I think you are mixing together atomic memory access with cache coherence. The former is the required hardware support for building synchronization primitives in software (spin-locks, semaphores, and mutexes), while the latter is the hardware support for multiple chips (several CPUs, and peripheral devices) working over the same bus, and having consistent view of the main memory.
Different compilers/libraries provide different utilities for the first. Here's, for example, GCC intrinsics for atomic memory access. They all boil down to generating either compare-and-swap or load-linked/store-conditional based instruction blocks depending on the platform support. Compile your source with, say, -S
for GCC and see the assembler generated.
You don't have to do anything explicitly for cache coherency - it's all handled in hardware - but it definitely helps to understand how it works to avoid things like cache line ping-pong.
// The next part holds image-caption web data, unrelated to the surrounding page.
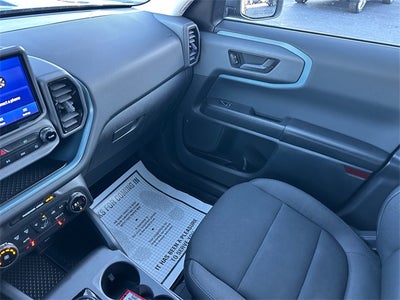 2021 Ford Bronco Sport Badlands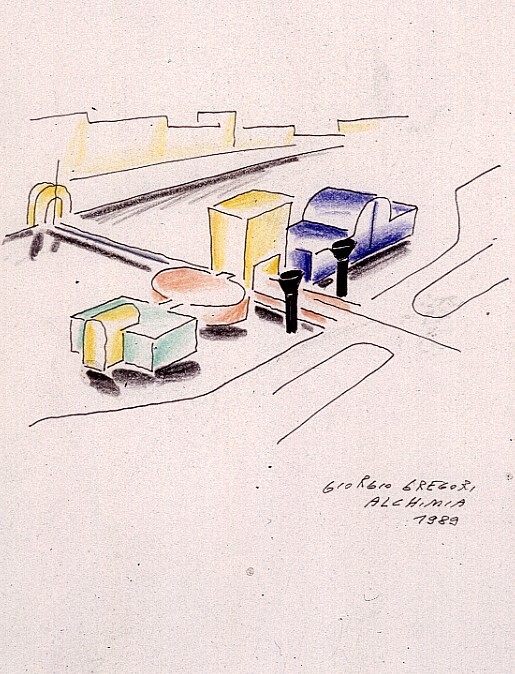 Het nieuwe Groninger Museum gebouw (voorstudie)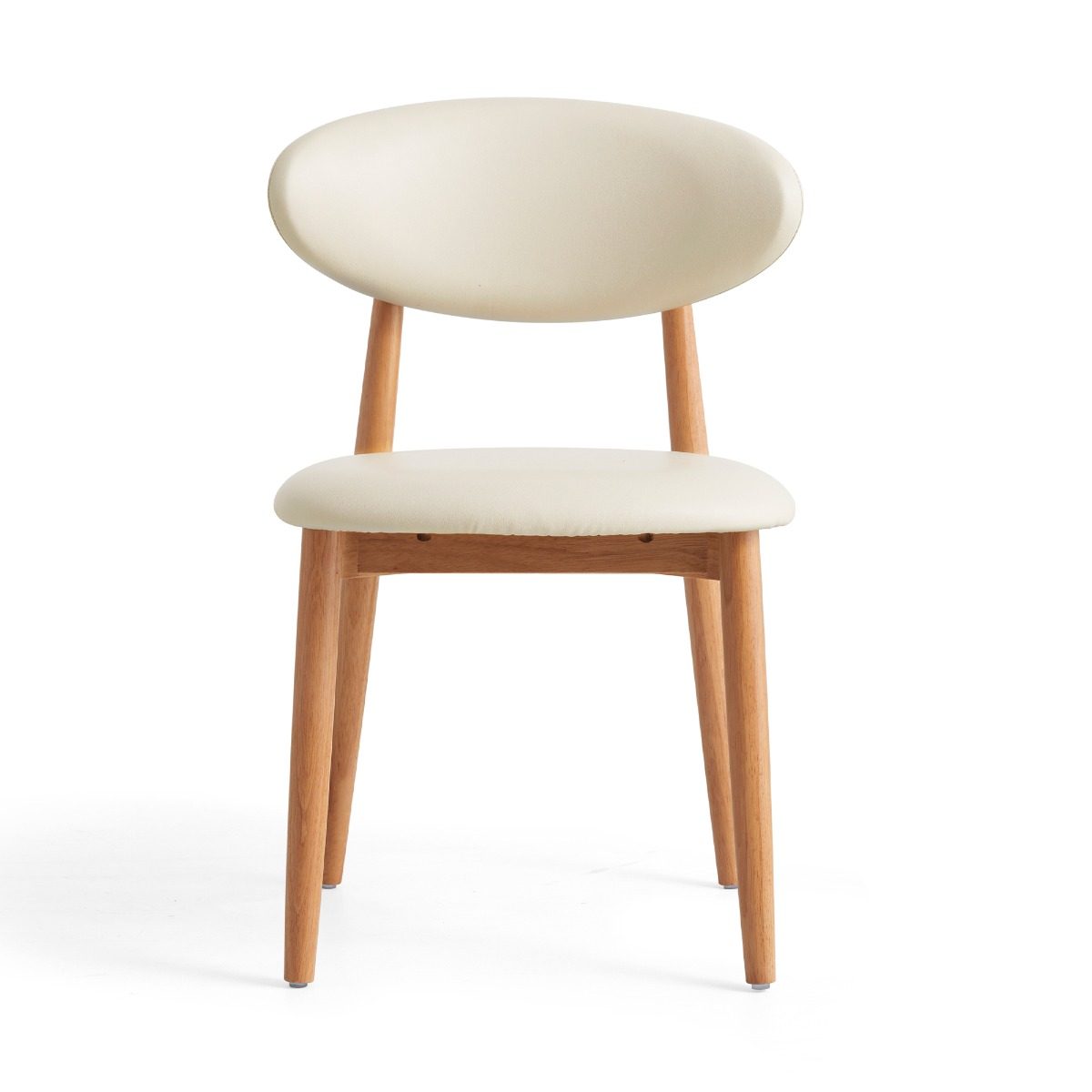 Onnan Eco-Leather Dining Chair – Natural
With all that, single word reads and writes are atomic on all commodity platforms (somebody correct me if I'm wrong here). Since int
s are less or equal to processor word in size, you are covered (see the GCC builtins link above).
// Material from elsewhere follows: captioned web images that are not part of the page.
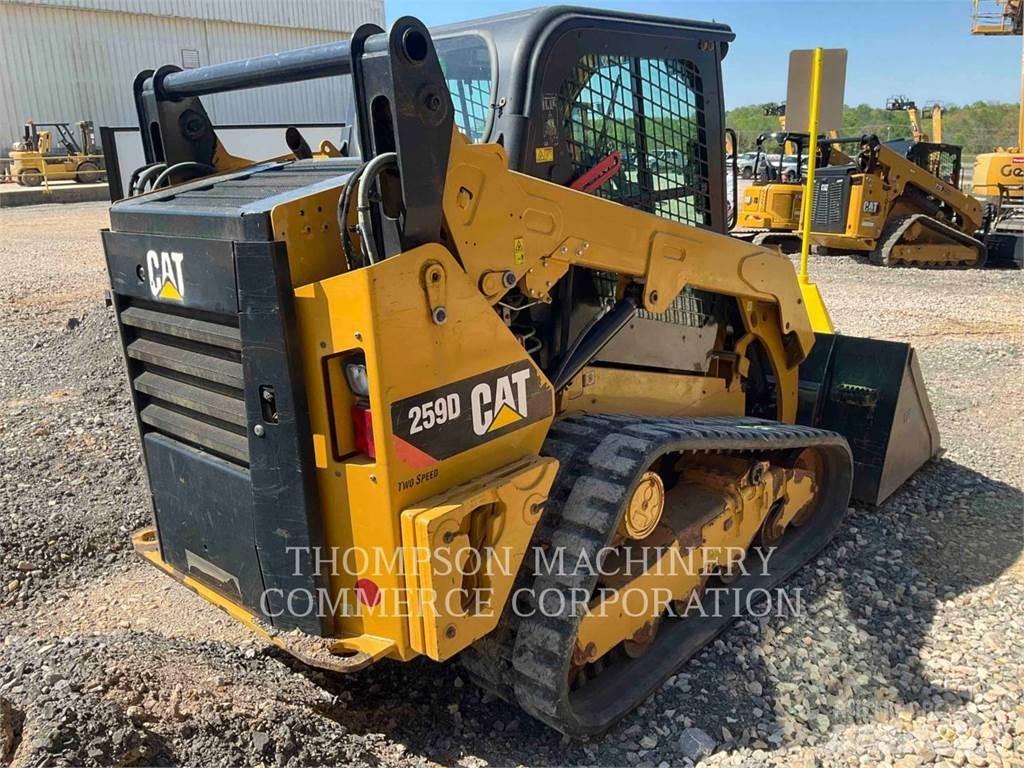 CAT 259D Telakuormaajat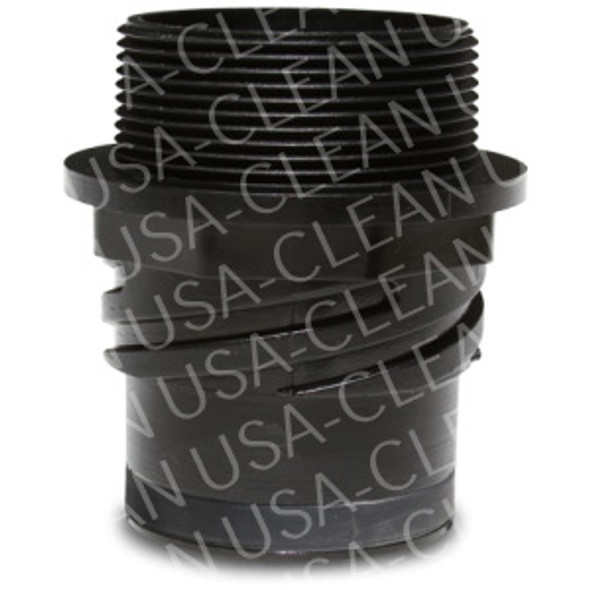 H135 - 2 inch male starter vacuum hose connector 231-2898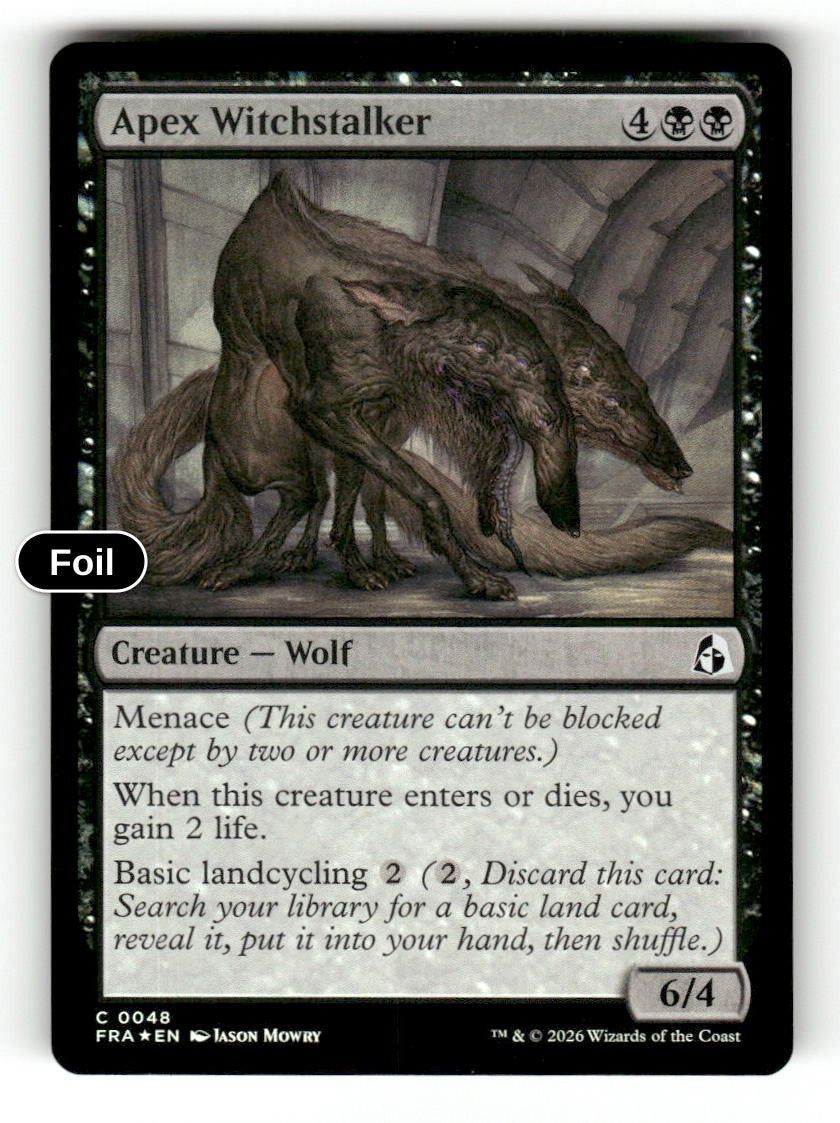 Apex Witchstalker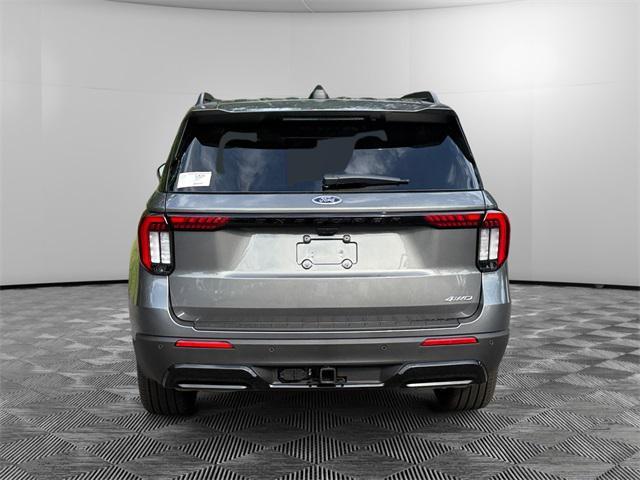 new 2025 Ford Explorer car, priced at $48,775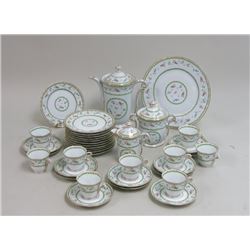 Limoges Porcelain Dessert Set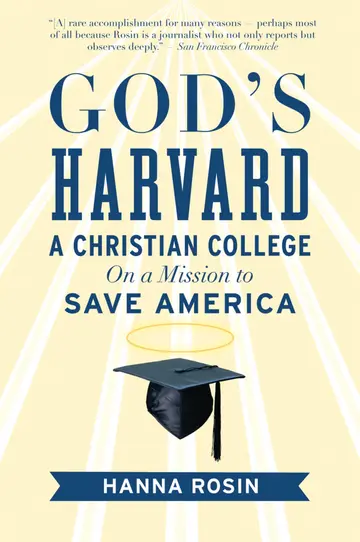 Cover of God's Harvard
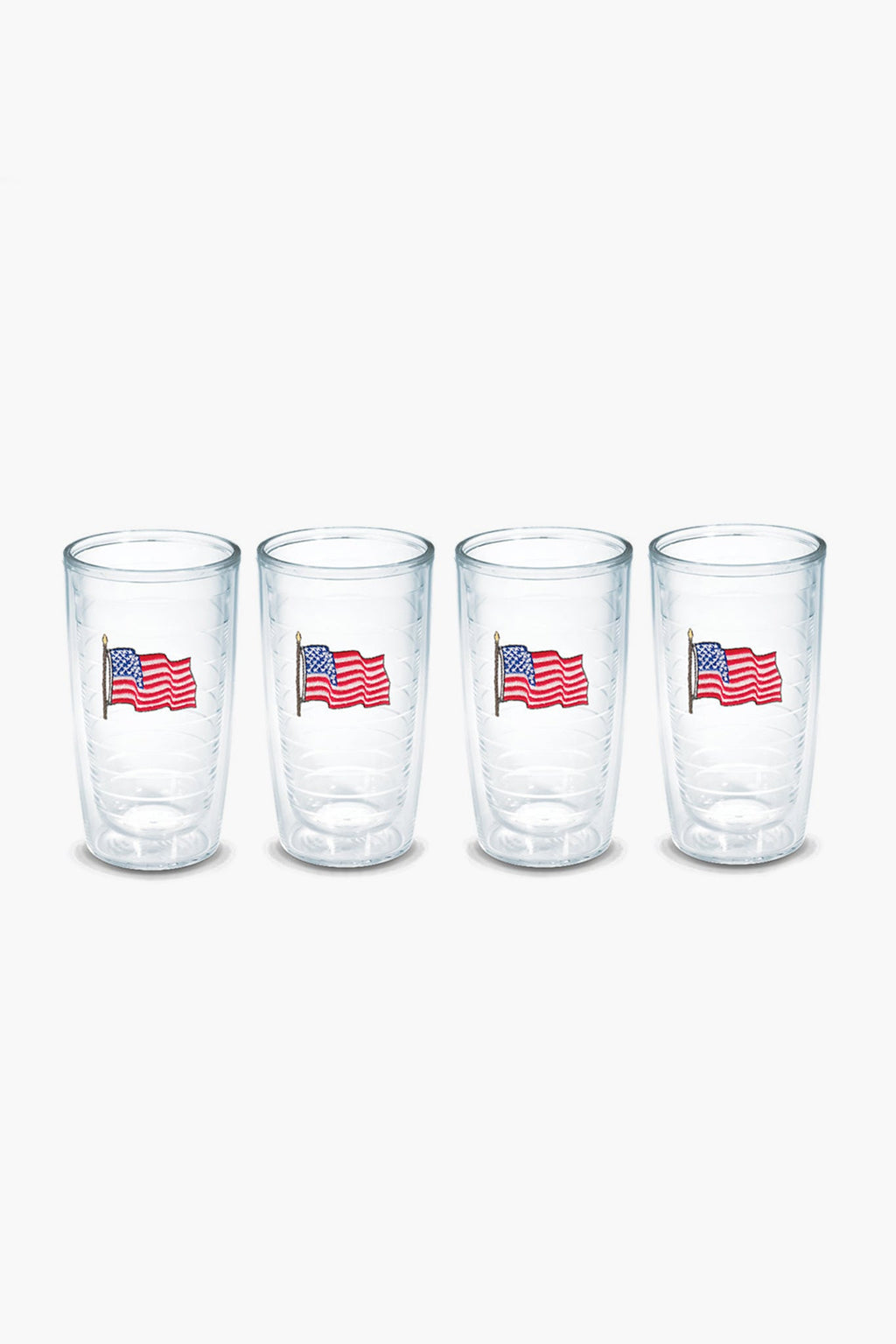American Flag Tumblers (Set of 4)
It's the order of reads and writes that is important. Here's where architecture memory model is important. It dictates what operations can and cannot be re-ordered by the hardware. Example would be updating a linked list - you don't want other CPUs see a new item linked until the item itself is in consistent state. Explicit memory barriers (also often called "memory fences") might be required. Acquire barrier ensures that subsequent operations are not re-ordererd before the barrier (say you read the linked-list item pointer before the content of the item), Release barrier ensures that previous operations are not re-ordered after the barrier (you write the item content before writing the new link pointer).
volatile
is often misunderstood as being related to all the above. In fact it is just an instruction to the compiler not to cache variable value in register, but read it from memory on each access. Many argue that it's "almost useless" for concurrent programming.
Apologies for lengthy reply. Hope this clears it a bit.
Edit:
Upcoming C++0x standard finally addresses concurrency, see Hans Boehm's C++ memory model papers for many details.